== Segment start ==

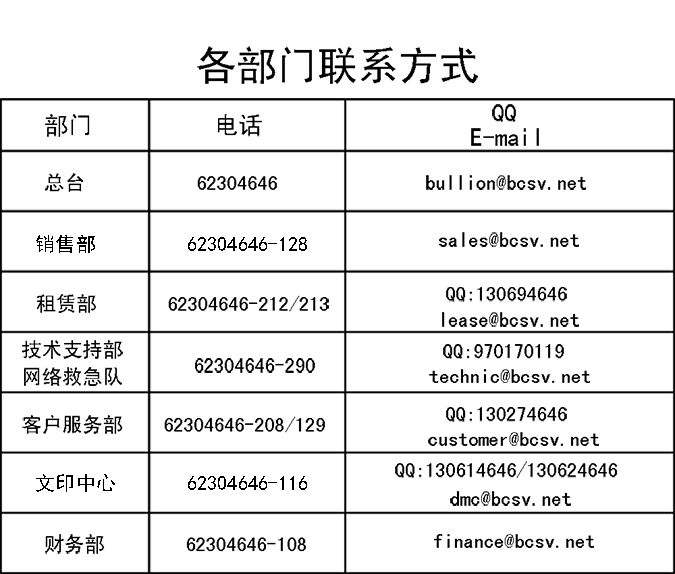 聯(lián)系方式emall+QQ 675.jpg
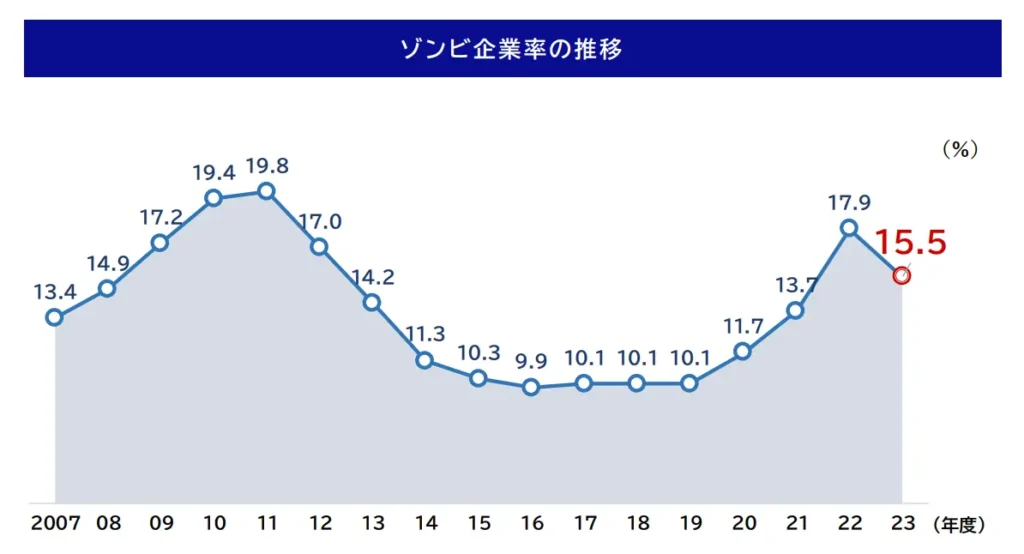 ゾンビ企業の割合はコロナ禍後に急増している。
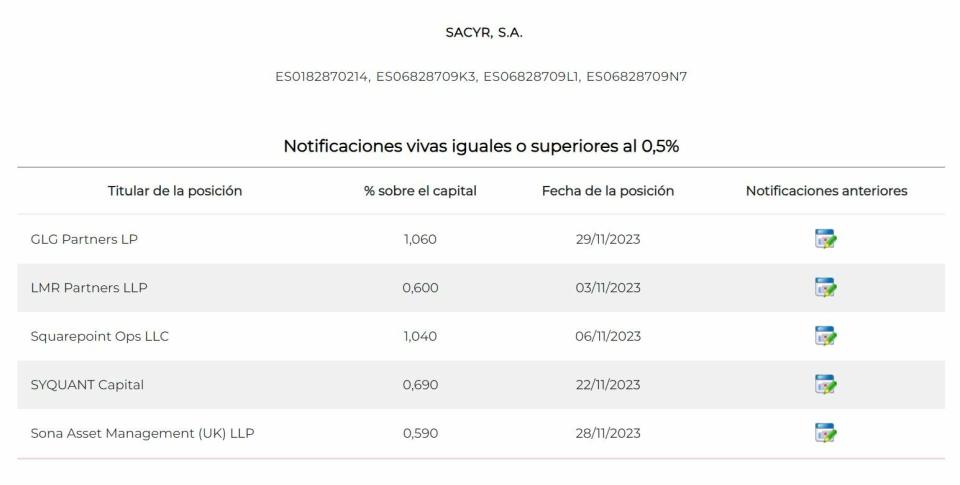 Estos son los 9 valores del Ibex 35 con novedades en sus posiciones cortas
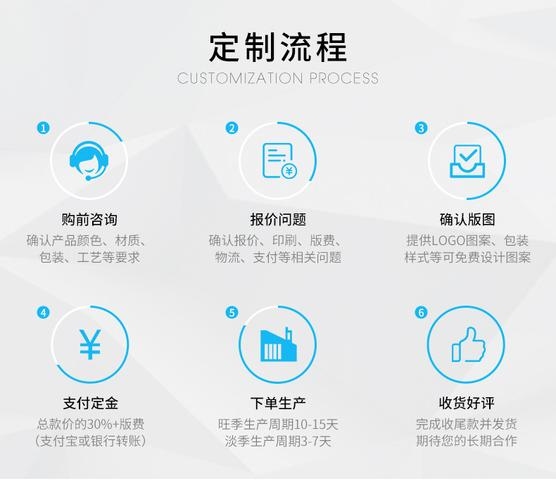 小程序定制选择的关键因素插图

== Segment end ==

* [Problem description]: Send back the data above verbatim, leaving out its pictures.

* [Answer area]:
 聯(lián)系方式emall+QQ 675.jpg
 ゾンビ企業の割合はコロナ禍後に急増している。
 Estos son los 9 valores del Ibex 35 con novedades en sus posiciones cortas
 小程序定制选择的关键因素插图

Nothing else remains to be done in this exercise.